Since year 1 of NGI I have used the following method for the Fellowship interviews as well as the DE Lab webinar just completed:
- Record the meeting in Zoom or other platform.
- Separate out the audio and convert it to MP3.
- Edit the audio by taking out: external noises (when possible), coughs, “ums” “likes” “you knows” and sometimes repeat words, false starts to sentences, and half sentences that lead nowhere. No words are ever changed, nor is anything eliminated that alters the intent of the speaker, regardless of who it is.
- Send the edited text through the otter.ai transcribing machine and save it as raw text (not Word).
- Match the text up with the audio to clean up Otter’s errors.
- Post it on the platform as audio and text, bringing it to the attention of the participants, ethnographer coders and general ER members.
This came up in a discussion about how to make the process more efficient if possible. But Alberto brought up the point that in some ethnography the coders prefer the text to be raw, including all vocal tics. I have been making these edits to something closer to a radio-ready standard, although given that most of the speakers are not native English speakers, the text invariably reflects this to some degree (which I think is acceptable). So I have not sought perfect, but acceptable to an average listener. Again, with the intent of having something that works for coders and adds worthwhile content to the platform and perhaps gives us something worth telling the outside world about.

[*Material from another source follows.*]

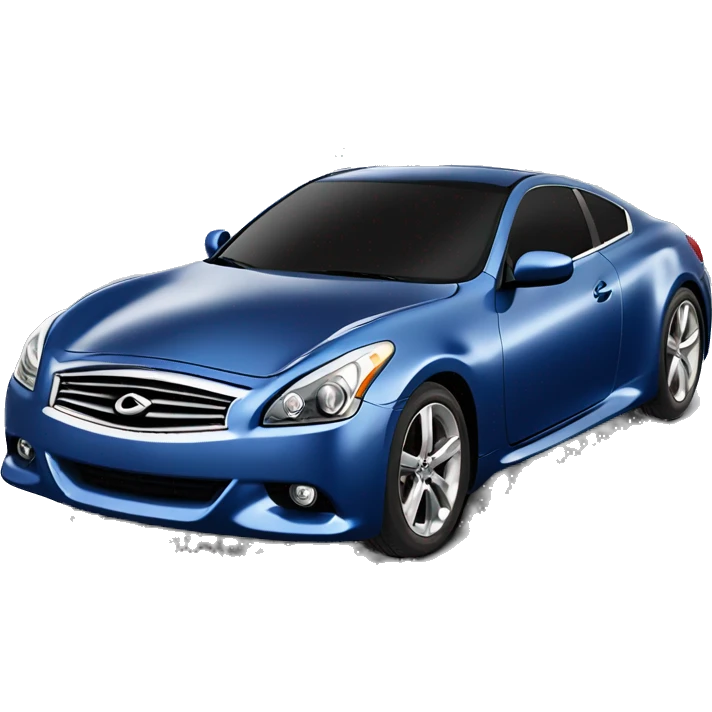 Athens Blue Infiniti G37 Coupe emoji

And, importantly, I considered it a courtesy to the coders to not make them suffer through too much difficulty trying to read an unedited, or shall I say not cleaned-up, text. And Amelia made it clear that they prefer dealing with the text. But is that what you really want?
I think if we do insist on the raw data, we would have to use a more expensive human-based transcribing service because while the machine translations are impressive compared to the old days, they still make a lot of mistakes. So it would by definition be inaccurate if it was fed unedited audio.
And, we have to make sure that the way we are doing all of this matches up with what we say we do in the proposal.
is this process that I have used in line with ethnographic standards for these projects?
is the level to which I clean them up too much, too little or about right?
and does this all agree with what we say in our documentation and agreements?